Because of course, had Bilbo not literally been a “_little_ fellow”, he could not have served in the role in which he was cast. The theme is echoed by Aragorn meeting Éomer and his éored in Rohan: 


> [N]ot we but those who come after will make the legends of our time. The green earth, say you? That is a mighty matter of legend, though you tread it under the light of day!


----------



## Alcuin (Oct 6, 2014)

If their imaginations wane midway through, you might show them this clip of riding on the back of an Eagle _for real_. A man training a captive eagle to fly has mounted a camera on his wingéd friend. There’s more at this link. I sometimes wondered what Bilbo saw when he opened his eyes and peeked from the back of the eagle on the way to the Carrock. (I imagine he was much too preoccupied with holding onto Dori’s legs on the way to the eagles’ eyrie!) Note the sound of the wind.


----------



## Thorin (Oct 6, 2014)

LOL. Thanks Alcuin. You and I think alike because I have all of those options they can choose from that I used before. Here are my topics that I had chosen for them last year.

1. How did Bilbo grow through the story? Explain 3 instances where we see growth of Bilbo
2. Give 3 instances where greed plays a part in the story as a central theme of some characters
3. How is heroism shown in 3 different characters in The Hobbit
4. What was the most important part of The Hobbit to you and give 3 reasons why.
5. Many readers have criticized Thorin. Defend him using 3 arguments
6. The dwarves grow to respect Bilbo. How did this happen? Show 3 examples.


I think I saw the clip of the eagle with a camera attached to it. I'll have to find that one!


----------



## Starbrow (Oct 6, 2014)

Our 4th/5th grade class has a party when they finish the book. The students design the decorations and decide what would be good food. One year they had a second breakfast theme. Some of the kids come in costume.


----------



## Alcuin (Oct 7, 2014)

Those are very good questions, particularly


Thorin said:


> 5. Many readers have criticized Thorin. Defend him using 3 arguments


Did you tell them *Thorin* is your screen name? for purposes of full disclosure. (Heh!) As Gandalf observed in “The Quest of Erebor”, 


> … Thorin … was a great Dwarf of a great House, whatever his faults; and though he fell at the end of the journey, it was largely due to him that the Kingdom under the Mountain was restored…

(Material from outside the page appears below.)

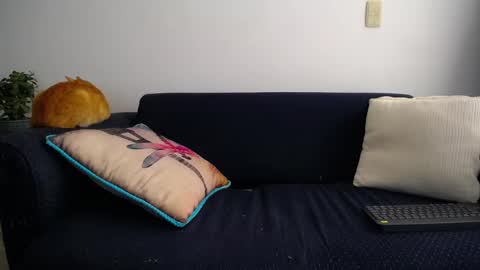 Violeta Gmez online show from 11, 3, 2025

Links to the eagle’s flight are [post=509177]embedded in the post[/post]; if they are hard to find, however, for clarity’s sake, they are: 


https://www.youtube.com/watch?v=2EAgbW1u00M&list=PLHAeTnu9pdAJySTi0nGeZljmRw96bUNUg
https://www.youtube.com/channel/UC661JhZW_AVZXQKhb0qYynA



Starbrow said:


> Our 4th/5th grade class has a party when they finish the book. The students design the decorations and decide what would be good food. One year they had a second breakfast theme. Some of the kids come in costume.


Ooh! I like that, too!


----------



## baragund (Oct 27, 2014)

Thorin,
I am probably a day late and a dollar short, but if you are still taking suggestions on how to teach The Hobbit to your 7th graders, here's an idea to consider:

Your 4th question about the "most important part" of the book seems a bit vague to me and I wouldn't be surprised if the answers you received in the past were all over the place. Consider making the question more concrete like "most important _lesson_" or "most important _character_". (If you decide to use most important character, YayGollum will argue for his namsake until the cows come home! 

Hope you have better success this time around!


----------



## SKYLAH OAKENSHIELD (Mar 17, 2015)

I am in year 8, and all of the questions you have proposed sound quite good to me. I just wish that my year 7 teacher had been a Tolkien fan. You sound like a great teacher! Which school do you work at?


----------